Serbian sports journalist (1935–2011)

Marko Marković (Serbian Cyrillic: Марко Марковић; 26 July 1935 – 23 December 2011) was a Serbian sports journalist.

== Biography ==
Marković was born in 1935 in Leskovac, Kingdom of Yugoslavia. In 1957, he started working as a journalist. Most of his journalism career was spent at Radio Television Belgrade (RTB) where he worked from 1961 until 1995. During his time with RTB, he did football play-by-play announcing on radio, covering 40 World and European Championships, as well as The Olympic Games. He furthermore created and hosted Sportski pregled (The Sports Overview) and Sportska subota (Sport Saturday) weekly sports highlights and recap shows that gained enormous popularity and viewership throughout SFR Yugoslavia. creator of many more radio and TV sport programmes, he made countless interviews and wrote six monographs. His flagship programme was Indirekt which aired from 1971 until 1994. The topics, he focused on, were not only the current issues but all those interesting things he span in his own way.

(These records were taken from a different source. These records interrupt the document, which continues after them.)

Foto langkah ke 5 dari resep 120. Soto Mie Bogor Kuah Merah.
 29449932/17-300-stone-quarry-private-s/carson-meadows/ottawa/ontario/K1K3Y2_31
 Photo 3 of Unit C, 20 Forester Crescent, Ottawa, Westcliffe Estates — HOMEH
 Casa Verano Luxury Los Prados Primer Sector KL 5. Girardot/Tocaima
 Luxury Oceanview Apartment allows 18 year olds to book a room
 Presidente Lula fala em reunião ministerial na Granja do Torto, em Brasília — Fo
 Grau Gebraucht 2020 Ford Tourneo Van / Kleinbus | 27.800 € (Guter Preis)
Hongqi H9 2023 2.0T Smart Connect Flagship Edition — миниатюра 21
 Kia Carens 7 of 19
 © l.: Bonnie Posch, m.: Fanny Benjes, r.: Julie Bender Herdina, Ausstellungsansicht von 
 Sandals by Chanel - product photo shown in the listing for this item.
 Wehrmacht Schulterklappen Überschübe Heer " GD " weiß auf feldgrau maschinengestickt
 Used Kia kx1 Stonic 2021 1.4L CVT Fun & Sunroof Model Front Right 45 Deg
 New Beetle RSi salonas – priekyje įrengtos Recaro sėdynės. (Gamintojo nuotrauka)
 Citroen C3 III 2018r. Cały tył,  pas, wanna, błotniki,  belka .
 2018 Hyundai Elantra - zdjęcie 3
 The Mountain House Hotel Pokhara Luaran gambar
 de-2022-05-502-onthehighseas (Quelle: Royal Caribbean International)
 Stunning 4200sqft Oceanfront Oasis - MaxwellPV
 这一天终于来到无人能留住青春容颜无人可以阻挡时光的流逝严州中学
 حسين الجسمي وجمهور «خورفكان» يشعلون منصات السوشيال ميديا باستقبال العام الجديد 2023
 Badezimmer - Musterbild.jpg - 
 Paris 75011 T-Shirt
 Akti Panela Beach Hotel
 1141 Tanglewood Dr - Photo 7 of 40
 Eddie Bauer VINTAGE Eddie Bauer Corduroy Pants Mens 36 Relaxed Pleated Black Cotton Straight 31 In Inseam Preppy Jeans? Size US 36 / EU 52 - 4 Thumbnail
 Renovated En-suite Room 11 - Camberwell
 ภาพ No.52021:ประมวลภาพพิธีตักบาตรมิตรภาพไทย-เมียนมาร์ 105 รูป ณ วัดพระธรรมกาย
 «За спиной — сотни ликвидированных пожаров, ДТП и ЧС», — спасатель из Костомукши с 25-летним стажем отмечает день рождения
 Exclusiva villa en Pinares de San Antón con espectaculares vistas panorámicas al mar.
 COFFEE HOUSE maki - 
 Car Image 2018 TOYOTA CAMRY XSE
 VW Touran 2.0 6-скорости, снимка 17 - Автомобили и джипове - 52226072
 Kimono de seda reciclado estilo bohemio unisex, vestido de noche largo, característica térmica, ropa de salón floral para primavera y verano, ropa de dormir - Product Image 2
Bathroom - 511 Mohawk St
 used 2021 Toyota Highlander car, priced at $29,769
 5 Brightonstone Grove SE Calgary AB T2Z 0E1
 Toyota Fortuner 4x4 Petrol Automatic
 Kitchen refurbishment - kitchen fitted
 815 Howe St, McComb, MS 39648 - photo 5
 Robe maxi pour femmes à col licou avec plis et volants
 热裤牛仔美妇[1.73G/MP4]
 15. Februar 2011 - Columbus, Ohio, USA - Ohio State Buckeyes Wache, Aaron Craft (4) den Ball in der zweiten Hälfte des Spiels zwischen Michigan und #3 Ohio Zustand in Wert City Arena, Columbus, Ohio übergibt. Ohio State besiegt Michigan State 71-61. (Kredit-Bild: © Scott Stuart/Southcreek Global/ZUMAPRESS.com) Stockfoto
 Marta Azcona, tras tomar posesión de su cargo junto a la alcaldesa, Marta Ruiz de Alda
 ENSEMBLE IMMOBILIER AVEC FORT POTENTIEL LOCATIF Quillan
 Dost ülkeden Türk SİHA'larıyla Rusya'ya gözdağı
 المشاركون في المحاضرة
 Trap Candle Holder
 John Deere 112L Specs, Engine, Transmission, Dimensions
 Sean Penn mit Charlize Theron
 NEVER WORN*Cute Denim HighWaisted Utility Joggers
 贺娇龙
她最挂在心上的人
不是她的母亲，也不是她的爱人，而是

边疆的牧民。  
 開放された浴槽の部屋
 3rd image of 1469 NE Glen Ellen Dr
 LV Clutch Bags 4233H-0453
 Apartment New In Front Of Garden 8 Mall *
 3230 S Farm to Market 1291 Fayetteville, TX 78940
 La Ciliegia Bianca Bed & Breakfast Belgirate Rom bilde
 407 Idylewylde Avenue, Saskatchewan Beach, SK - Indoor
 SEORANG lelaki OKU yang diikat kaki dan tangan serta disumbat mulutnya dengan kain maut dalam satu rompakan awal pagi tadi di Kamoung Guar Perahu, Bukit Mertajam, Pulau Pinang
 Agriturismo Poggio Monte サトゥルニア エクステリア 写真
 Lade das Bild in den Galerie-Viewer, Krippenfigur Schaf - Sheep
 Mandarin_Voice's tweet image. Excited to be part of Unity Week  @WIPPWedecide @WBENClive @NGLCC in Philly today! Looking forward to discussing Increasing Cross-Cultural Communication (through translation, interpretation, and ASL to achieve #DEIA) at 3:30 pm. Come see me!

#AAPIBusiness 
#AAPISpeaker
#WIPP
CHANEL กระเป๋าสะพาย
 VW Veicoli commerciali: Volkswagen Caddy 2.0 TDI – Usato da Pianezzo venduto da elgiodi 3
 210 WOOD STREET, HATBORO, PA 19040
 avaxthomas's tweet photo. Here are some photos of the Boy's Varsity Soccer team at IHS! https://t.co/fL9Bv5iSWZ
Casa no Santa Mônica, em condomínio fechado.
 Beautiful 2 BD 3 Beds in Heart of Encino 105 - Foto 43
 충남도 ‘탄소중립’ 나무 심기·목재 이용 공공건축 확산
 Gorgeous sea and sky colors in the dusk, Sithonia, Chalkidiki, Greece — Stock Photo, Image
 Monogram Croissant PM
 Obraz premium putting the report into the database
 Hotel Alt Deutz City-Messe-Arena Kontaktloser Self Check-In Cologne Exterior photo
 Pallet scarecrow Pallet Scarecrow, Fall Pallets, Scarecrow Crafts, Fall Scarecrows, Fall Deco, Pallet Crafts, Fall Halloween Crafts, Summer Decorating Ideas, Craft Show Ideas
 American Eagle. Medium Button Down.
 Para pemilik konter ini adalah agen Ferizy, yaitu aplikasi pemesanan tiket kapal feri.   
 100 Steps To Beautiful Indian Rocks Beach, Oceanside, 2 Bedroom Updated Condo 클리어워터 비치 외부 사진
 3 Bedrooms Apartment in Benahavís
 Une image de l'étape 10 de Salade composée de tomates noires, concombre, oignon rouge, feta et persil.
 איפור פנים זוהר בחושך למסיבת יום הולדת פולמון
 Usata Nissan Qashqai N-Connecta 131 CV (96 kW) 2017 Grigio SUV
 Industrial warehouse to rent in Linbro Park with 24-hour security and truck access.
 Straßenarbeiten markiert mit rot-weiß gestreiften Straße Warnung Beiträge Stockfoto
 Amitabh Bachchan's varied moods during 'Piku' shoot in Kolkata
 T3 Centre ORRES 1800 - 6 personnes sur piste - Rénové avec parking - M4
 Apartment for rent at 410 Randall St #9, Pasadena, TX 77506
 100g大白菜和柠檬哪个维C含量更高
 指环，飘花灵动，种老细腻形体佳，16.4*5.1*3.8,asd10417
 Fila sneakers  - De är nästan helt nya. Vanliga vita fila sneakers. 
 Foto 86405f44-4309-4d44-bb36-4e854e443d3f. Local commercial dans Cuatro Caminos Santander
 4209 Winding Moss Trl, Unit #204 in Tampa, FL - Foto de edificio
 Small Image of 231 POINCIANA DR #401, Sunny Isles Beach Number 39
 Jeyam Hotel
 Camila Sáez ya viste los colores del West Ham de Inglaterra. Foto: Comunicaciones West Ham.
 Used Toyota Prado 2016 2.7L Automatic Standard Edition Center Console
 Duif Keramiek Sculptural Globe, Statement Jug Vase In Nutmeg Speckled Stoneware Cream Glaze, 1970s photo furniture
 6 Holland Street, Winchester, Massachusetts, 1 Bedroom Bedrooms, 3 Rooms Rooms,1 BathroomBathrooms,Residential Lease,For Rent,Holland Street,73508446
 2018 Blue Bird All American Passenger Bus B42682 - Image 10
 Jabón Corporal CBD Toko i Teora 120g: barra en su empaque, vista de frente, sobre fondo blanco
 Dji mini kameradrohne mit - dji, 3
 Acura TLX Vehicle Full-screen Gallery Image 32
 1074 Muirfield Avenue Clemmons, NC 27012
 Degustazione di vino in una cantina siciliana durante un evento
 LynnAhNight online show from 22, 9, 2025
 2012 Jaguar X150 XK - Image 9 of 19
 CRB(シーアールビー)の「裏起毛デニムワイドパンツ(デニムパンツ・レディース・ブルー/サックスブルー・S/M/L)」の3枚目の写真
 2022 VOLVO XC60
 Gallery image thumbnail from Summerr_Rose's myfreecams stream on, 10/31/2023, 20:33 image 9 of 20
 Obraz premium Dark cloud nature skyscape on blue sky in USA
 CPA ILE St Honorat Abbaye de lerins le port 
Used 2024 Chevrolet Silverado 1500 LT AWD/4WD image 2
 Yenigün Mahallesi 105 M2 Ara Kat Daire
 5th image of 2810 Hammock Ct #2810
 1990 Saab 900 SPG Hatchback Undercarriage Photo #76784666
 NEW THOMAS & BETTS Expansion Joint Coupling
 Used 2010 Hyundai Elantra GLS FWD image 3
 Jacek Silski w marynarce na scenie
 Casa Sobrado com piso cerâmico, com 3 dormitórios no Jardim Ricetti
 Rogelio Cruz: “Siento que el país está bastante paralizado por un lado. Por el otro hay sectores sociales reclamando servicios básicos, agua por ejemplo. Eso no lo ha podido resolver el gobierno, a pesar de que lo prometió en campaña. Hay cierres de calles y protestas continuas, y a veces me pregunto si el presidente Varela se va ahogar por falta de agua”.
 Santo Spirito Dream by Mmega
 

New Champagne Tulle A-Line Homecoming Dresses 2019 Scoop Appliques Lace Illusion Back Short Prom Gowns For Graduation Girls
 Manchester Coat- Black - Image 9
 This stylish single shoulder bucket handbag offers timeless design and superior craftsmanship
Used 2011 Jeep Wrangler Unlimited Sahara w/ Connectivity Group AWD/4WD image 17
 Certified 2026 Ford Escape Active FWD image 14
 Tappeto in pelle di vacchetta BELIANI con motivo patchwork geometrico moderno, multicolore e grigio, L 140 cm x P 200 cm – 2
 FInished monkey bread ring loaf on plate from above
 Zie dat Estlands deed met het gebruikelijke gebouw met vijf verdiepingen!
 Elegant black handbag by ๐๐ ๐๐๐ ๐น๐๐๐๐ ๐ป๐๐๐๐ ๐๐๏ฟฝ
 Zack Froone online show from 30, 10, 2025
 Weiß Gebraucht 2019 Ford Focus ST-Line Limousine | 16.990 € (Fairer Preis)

Marković was the editor in chief of the Sports Programme at RTB, sports editor in chief at RTS, and president of The Association of Sports Journalists of the FRY.

From 1995 he worked as the sports editor at RTV Pink. Over the past years, due to his illness, he appeared rarely at Pink.

He was buried in the Alley of Distinguished Citizens at New Cemetery, Belgrade.